### What the task asks
A full, exact copy of the listing is needed, with images omitted.

### Supplied material

--

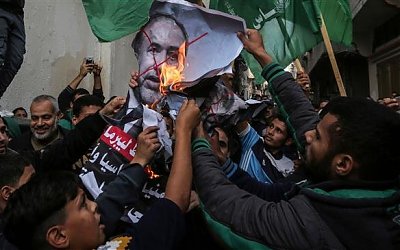 Lieberman Mundur, Warga Gaza Berkumpul dan Merayakannya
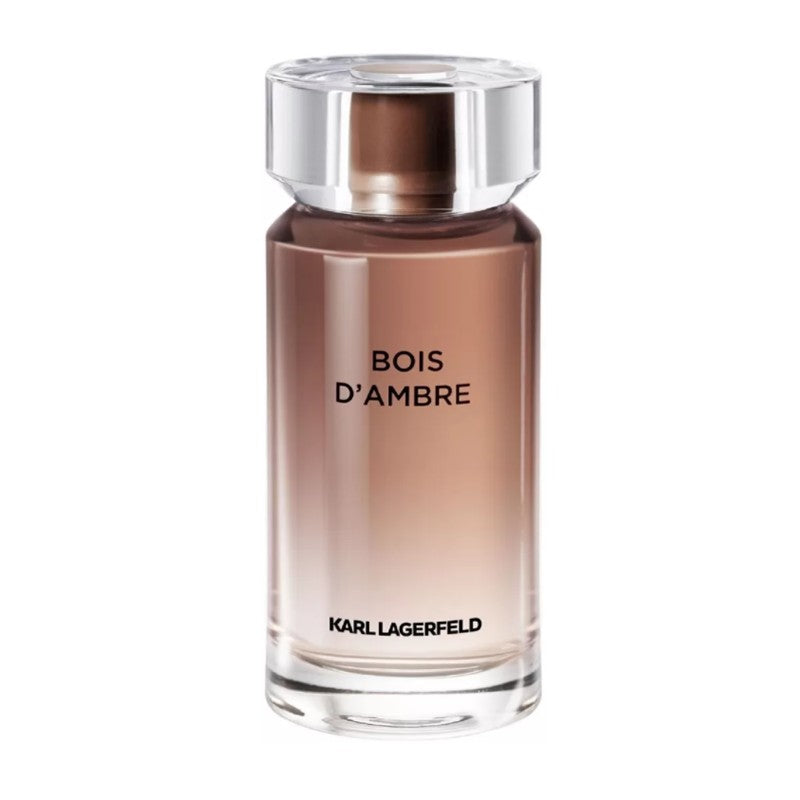 Karl Lagerfeld Bois D'ambre Eau De Toilette Spray 100ml - Feel Gorgeous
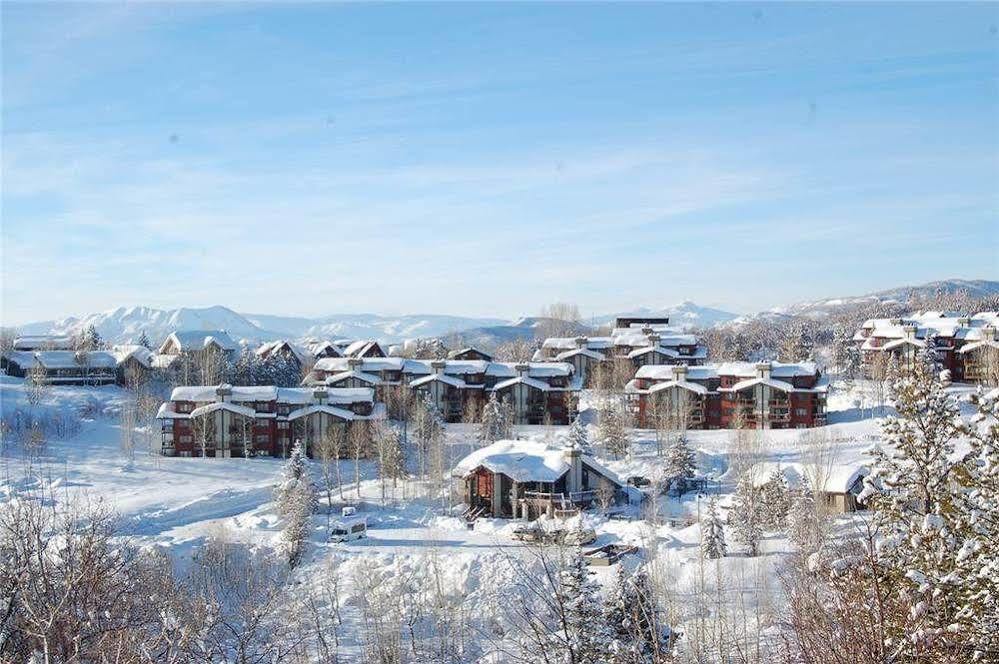 The Ranch At Steamboat Aparthotel Steamboat Springs Exterior foto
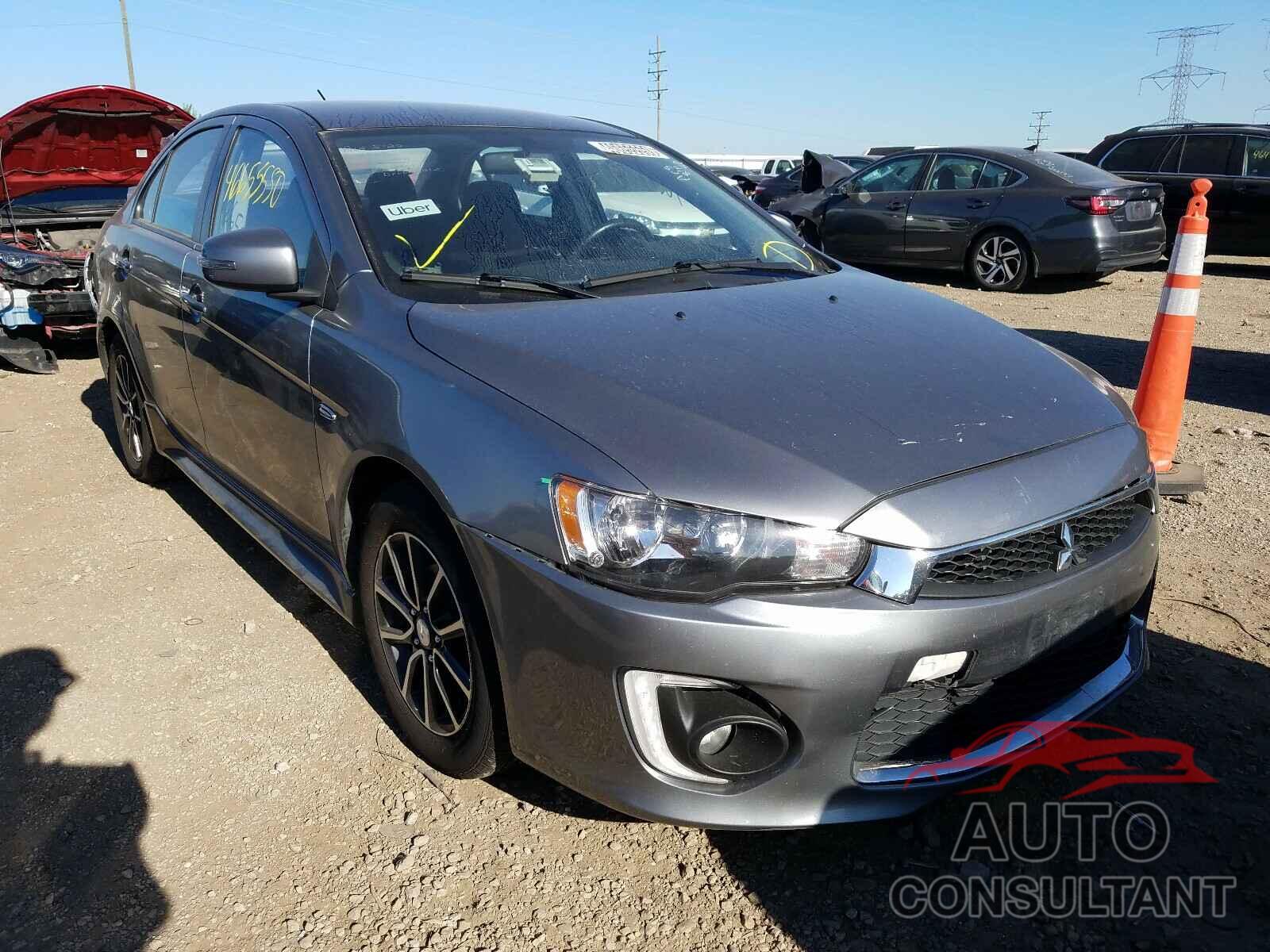 MITSUBISHI LANCER 2017 - JA32U2FU6HU005192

--

### Worked solution
 Lieberman Mundur, Warga Gaza Berkumpul dan Merayakannya
 Karl Lagerfeld Bois D'ambre Eau De Toilette Spray 100ml - Feel Gorgeous
 The Ranch At Steamboat Aparthotel Steamboat Springs Exterior foto
 MITSUBISHI LANCER 2017 - JA32U2FU6HU005192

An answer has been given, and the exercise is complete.